Thicker Than Thieves

An F. Scott Fitzgerald biographer by the name of David Brown refers to America’s promotion of deviancy (my words) as “the great post Appomattox launch toward materialism.” I liked that line and was thinking about it as I left the boat early morning and walked into an almost perfect Greek village square for a coffee. There were some French people blabbering away with their usual hand gestures, Greeks discussing politics in high volume, and then an American couple, both quite attractive, each with a Mac in front of them and absolutely impervious to anyone or anything in their immediate surroundings. Talk about a launch toward materialism. These two never once looked up from their screens, remained totally glued and expressionless to that demon plastic or whatever screens are made of, and failed to look up even when a Greek woman got into a shouting match with an Austrian lady who had taken her chair. In the meantime they had occupied a table in the café that would have changed hands about three times if it weren’t for those two extremely annoying Americans. The owner of the café shrugged his shoulders when I told him to ask them to vacate the premises.

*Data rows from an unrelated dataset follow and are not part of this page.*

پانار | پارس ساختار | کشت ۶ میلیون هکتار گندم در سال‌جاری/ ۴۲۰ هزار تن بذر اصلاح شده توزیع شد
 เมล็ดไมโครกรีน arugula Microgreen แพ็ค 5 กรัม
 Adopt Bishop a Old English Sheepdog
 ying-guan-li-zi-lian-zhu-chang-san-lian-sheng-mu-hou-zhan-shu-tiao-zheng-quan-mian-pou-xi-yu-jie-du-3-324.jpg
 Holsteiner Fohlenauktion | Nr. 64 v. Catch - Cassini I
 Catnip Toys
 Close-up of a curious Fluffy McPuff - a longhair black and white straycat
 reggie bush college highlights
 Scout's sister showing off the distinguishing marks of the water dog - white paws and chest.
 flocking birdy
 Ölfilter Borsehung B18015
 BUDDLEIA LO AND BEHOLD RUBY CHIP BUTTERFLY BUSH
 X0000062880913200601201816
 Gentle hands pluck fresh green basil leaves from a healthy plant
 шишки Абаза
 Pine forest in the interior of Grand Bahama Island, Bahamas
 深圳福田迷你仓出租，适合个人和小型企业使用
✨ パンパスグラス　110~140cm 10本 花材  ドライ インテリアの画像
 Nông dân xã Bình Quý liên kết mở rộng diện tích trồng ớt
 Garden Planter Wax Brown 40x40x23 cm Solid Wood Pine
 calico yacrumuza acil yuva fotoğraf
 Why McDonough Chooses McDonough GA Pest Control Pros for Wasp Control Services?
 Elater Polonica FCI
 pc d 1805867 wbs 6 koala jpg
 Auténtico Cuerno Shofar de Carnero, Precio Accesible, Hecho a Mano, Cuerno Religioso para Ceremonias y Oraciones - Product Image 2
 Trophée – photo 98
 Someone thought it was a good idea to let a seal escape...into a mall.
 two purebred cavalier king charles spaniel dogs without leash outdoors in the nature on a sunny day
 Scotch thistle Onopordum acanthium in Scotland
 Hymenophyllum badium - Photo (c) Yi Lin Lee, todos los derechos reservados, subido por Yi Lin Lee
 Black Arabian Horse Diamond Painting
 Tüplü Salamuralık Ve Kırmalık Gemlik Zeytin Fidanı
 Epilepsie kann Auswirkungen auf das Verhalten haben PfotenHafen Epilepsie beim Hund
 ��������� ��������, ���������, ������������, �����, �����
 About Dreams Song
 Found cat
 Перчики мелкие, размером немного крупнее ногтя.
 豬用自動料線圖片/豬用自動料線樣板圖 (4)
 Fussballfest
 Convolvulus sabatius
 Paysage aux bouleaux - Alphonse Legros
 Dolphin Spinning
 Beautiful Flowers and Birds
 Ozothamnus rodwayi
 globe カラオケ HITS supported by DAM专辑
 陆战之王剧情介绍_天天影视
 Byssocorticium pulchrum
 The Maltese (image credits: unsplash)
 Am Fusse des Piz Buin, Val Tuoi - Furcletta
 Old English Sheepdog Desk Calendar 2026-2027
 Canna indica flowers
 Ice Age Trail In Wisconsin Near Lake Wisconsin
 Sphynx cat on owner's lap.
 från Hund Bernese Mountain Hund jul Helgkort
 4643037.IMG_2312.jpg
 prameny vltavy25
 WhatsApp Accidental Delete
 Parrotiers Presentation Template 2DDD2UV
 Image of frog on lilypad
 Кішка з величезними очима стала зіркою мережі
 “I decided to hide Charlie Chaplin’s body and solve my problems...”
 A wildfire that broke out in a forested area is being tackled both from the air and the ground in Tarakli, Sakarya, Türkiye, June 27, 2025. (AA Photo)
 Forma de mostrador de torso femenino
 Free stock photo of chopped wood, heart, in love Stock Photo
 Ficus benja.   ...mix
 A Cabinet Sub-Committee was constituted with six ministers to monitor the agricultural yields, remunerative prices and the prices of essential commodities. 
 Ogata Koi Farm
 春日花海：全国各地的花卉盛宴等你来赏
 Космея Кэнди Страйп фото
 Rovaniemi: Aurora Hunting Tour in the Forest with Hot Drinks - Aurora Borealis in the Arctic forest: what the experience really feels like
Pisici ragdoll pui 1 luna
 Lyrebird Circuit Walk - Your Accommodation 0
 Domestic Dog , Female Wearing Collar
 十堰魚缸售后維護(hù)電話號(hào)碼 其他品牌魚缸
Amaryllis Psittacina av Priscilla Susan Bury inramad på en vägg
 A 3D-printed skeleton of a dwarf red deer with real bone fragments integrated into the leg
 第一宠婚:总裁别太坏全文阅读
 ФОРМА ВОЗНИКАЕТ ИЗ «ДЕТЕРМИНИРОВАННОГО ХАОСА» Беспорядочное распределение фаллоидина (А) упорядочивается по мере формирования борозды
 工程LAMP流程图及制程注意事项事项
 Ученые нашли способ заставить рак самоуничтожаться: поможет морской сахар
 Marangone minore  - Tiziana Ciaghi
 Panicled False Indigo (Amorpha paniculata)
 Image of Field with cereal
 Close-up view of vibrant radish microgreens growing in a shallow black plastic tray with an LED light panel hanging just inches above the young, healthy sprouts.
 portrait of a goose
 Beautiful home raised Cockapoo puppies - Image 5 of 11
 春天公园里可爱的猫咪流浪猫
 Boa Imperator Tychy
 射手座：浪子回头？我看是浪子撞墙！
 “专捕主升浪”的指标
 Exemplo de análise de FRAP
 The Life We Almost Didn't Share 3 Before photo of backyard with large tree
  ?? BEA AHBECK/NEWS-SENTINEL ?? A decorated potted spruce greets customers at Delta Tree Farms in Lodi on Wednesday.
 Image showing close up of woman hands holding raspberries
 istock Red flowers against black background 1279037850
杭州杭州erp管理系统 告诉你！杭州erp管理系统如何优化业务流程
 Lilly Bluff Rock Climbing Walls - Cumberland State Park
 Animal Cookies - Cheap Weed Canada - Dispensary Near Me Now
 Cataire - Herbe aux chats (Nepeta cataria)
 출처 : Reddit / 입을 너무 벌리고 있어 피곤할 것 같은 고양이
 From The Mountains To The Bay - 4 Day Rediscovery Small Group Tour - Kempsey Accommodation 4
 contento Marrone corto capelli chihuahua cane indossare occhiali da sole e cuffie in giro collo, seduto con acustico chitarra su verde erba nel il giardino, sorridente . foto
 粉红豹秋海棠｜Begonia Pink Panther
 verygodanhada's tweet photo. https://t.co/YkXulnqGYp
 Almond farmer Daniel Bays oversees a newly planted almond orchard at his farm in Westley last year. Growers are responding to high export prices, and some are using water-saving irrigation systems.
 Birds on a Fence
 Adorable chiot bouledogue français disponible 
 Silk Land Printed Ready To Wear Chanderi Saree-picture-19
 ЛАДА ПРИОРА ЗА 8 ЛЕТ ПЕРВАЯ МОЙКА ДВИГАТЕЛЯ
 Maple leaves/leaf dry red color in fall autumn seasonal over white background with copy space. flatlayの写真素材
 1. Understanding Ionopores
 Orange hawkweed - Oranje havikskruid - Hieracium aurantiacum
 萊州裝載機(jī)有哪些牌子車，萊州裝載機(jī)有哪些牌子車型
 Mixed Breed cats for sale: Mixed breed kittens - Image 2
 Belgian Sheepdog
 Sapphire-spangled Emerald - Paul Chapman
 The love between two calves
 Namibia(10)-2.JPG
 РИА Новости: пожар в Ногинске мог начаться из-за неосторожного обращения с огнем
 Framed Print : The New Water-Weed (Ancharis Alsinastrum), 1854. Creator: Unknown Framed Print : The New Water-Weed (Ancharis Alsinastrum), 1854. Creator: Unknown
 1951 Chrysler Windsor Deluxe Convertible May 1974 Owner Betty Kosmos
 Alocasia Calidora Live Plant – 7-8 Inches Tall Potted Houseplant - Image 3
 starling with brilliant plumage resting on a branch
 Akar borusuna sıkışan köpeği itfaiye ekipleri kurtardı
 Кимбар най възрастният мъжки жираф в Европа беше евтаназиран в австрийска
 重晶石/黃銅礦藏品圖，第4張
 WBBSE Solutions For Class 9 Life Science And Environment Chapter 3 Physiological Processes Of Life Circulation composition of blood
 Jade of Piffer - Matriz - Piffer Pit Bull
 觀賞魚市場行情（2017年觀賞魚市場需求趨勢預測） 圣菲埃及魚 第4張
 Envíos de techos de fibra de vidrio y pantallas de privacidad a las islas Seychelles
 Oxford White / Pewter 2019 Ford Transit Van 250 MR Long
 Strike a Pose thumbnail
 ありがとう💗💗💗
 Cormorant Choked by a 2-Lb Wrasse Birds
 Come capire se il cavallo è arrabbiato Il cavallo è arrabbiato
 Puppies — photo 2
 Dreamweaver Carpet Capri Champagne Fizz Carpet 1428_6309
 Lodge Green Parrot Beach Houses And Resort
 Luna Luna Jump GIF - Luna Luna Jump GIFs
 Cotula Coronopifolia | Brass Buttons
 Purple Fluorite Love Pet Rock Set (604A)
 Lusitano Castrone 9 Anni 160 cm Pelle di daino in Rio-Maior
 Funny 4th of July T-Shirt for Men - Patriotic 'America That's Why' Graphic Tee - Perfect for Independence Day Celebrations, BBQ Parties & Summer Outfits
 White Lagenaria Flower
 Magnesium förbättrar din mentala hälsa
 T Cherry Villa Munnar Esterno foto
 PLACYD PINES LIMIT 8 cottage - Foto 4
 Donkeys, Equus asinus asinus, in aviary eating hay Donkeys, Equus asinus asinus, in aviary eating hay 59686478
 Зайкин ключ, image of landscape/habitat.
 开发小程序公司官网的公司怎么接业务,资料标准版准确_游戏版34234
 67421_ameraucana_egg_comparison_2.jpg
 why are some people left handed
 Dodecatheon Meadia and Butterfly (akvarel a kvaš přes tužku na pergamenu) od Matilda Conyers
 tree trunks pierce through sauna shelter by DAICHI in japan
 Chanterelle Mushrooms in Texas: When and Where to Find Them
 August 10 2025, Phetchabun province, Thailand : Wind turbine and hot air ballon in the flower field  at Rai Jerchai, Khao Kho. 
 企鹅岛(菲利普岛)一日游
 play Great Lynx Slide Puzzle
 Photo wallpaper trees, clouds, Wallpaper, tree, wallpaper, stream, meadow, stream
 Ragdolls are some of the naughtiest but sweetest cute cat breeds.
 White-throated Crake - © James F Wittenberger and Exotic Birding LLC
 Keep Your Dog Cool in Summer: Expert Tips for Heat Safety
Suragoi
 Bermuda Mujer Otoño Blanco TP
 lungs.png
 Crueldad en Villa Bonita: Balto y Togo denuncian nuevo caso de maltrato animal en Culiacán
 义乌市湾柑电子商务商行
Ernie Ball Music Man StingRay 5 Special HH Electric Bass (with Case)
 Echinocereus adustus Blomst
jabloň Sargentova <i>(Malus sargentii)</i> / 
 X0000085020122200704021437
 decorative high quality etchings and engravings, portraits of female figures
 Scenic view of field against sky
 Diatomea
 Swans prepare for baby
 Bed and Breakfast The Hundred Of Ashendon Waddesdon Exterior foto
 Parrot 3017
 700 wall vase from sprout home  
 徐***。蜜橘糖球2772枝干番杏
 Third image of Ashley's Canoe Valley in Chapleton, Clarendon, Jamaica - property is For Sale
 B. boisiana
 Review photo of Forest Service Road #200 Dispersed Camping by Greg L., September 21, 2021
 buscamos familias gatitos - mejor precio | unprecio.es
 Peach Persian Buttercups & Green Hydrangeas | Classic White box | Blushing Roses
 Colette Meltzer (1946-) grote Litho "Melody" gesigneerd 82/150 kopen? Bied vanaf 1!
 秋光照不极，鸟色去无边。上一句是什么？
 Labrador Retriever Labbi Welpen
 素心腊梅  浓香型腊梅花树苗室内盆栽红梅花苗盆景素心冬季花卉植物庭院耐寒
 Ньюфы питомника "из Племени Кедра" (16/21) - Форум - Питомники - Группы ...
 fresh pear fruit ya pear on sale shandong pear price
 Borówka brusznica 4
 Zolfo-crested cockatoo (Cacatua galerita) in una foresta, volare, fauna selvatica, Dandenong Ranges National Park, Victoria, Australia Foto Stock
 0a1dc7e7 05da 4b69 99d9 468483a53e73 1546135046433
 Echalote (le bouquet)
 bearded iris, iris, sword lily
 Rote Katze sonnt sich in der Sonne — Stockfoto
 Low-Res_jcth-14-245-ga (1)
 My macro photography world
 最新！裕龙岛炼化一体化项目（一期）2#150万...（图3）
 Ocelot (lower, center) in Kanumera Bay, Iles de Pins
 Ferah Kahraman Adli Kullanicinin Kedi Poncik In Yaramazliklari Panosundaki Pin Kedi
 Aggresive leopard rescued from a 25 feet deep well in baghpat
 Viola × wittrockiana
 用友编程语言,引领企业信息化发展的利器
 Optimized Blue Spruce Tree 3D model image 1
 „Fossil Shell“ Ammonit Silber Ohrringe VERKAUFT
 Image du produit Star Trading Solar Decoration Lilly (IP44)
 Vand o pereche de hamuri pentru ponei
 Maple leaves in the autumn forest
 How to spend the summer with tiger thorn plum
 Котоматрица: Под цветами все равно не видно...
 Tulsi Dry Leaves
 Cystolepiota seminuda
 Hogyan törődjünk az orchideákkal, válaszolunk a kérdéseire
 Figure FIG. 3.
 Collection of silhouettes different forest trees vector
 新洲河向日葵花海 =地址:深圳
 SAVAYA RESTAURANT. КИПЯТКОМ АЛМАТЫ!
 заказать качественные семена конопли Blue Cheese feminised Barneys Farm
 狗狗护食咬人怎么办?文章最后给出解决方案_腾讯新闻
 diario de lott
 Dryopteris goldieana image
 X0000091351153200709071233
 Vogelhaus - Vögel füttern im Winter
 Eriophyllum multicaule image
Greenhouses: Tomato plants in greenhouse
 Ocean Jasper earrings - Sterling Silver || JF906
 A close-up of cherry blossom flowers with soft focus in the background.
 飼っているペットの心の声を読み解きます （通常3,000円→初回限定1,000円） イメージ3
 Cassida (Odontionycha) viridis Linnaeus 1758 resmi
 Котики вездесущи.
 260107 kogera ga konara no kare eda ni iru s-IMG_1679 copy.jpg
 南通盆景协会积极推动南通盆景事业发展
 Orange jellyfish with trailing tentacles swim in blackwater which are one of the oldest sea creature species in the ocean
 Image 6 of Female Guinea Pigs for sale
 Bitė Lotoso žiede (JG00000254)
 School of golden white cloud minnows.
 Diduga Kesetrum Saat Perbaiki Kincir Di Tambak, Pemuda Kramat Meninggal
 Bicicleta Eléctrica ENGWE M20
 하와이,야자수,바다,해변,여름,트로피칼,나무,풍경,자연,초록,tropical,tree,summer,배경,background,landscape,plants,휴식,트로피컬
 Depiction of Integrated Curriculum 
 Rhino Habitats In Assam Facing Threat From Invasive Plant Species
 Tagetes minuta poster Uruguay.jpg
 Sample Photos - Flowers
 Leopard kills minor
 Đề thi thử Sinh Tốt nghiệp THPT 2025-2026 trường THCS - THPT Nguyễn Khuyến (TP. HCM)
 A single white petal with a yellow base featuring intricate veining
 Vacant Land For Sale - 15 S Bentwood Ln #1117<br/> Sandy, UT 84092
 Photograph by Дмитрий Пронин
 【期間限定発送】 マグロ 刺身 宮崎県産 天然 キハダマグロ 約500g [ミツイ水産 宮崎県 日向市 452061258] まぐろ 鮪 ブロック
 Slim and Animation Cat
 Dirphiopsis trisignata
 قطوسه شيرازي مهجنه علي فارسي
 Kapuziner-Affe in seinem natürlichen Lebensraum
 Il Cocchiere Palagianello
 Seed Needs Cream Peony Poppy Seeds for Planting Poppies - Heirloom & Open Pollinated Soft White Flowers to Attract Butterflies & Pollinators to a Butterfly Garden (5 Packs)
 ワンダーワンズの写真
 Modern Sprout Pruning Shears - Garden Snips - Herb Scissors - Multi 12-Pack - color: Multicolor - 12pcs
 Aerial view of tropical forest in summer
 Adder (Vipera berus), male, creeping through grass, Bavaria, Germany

“I just stared at the Americans, wondering what had taken place to turn people like those two into soulless automatons.”

Now, I know it’s none of my business, but this was hardly a launch toward materialism; it looked more like a storm, a typhoon of blind greed. Mind you, could they have been writing the great American novel? I doubt it and am willing to bet the boat I’m on that it was all about moola and nothing more. It was, to say the least, dehumanizing. Two tables away from them were three old Greek men, with their white mustaches and their caps, sort of leaning on their walking sticks. They each spoke in turn, with silences in between. Small children ran among the tables, women in black passed by without a glance, the French and Italians continued their singsong ways. I just stared at the Americans, wondering what had taken place to turn people like those two into soulless automatons. Was it arrogance, self-importance, or lack of understanding of our European culture? And then I thought of Yomi du Roi’s sister.

Yomi was my wife’s childhood and best friend until her recent death. She came from an extremely old and good family and was also very rich. Her sister, Princess de Merode, had the bad luck to be targeted by some hoods and have her Paris flat raided. She was tied up and asked where the jewels were. They addressed her in the informal “tu.” Her answer was short and to the point: “D’abord c’est ‘vous,’ ensuite c’est ‘madame.’” (“To begin with you address me in the plural. After that it is ‘madame.’”) And the bad guys followed her instructions, addressed her in the formal “vous,” and left with all the loot after untying her. Now, that’s what I call sticking with protocol despite the inconvenience.

What does this have to do with that provocative display of ethnicity by two Americans clicking away at their damned machines in the middle of a beautiful square, oblivious to everything but the mouse? Nothing, I guess, because the past means nothing to them, whereas the Parisian hoods robbed but respected the authority conveyed by the princess.

And now to matters nautical. If God granted me one wish it would be the ban of the world’s most useless item, the Jet Ski. People with a lower IQ than their age master the device on the first try. All it does is pollute and annoy with its noise, and it also kills swimmers and fish alike. Horrible superyachts carry them, and even more horrible people use them nonstop. No bay is safe from these pests and the morons who use them. Please, God, grant me my wish before I shoot one of these pests and end up in the pokey.

Sailing from the edge of Christendom that is Patmos and heading west, we hit very high winds and extremely rough seas. My son, a great sailor, and the crew put up a storm jib and the mainsail, and battled angry waves all day. I watched the sea crashing on the bow, like something only Poseidon would allow. Thinking back, I haven’t sailed through such a storm since crossing the Strait of Messina in 1971 on my first Bushido. That was 51 years ago, and we had a knockdown and a sailor went through the skylight and a Soviet troop ship going by whistled at the blonde who was panicking on board. This time around it was all family and everything was hunky-dory and I had to drink a bottle of white and half a bottle of vodka to finally get a buzz. A wife, a granddaughter, and a son on board do not for a dramatic cruise make. We finally made it past the center of the storm and on to Skinousa, a charming isle inhabited by around 200 people, one taxi, a few wonderful tavernas, and a very pretty Albanian waitress posing as a Greek that my Romeo son immediately went after. There were a few horrors anchored in the bay, triple-decked refrigerator-looking superyachts, probably heading for Mykonos and taking refuge. I left early and headed for Paros, Kea, and then Koronis. We’ve survived winds that would rip the horns off a cuckold (a French expression), and we’re in a very good mood because Romeo failed with Juliet hence he’ll stick to crewing.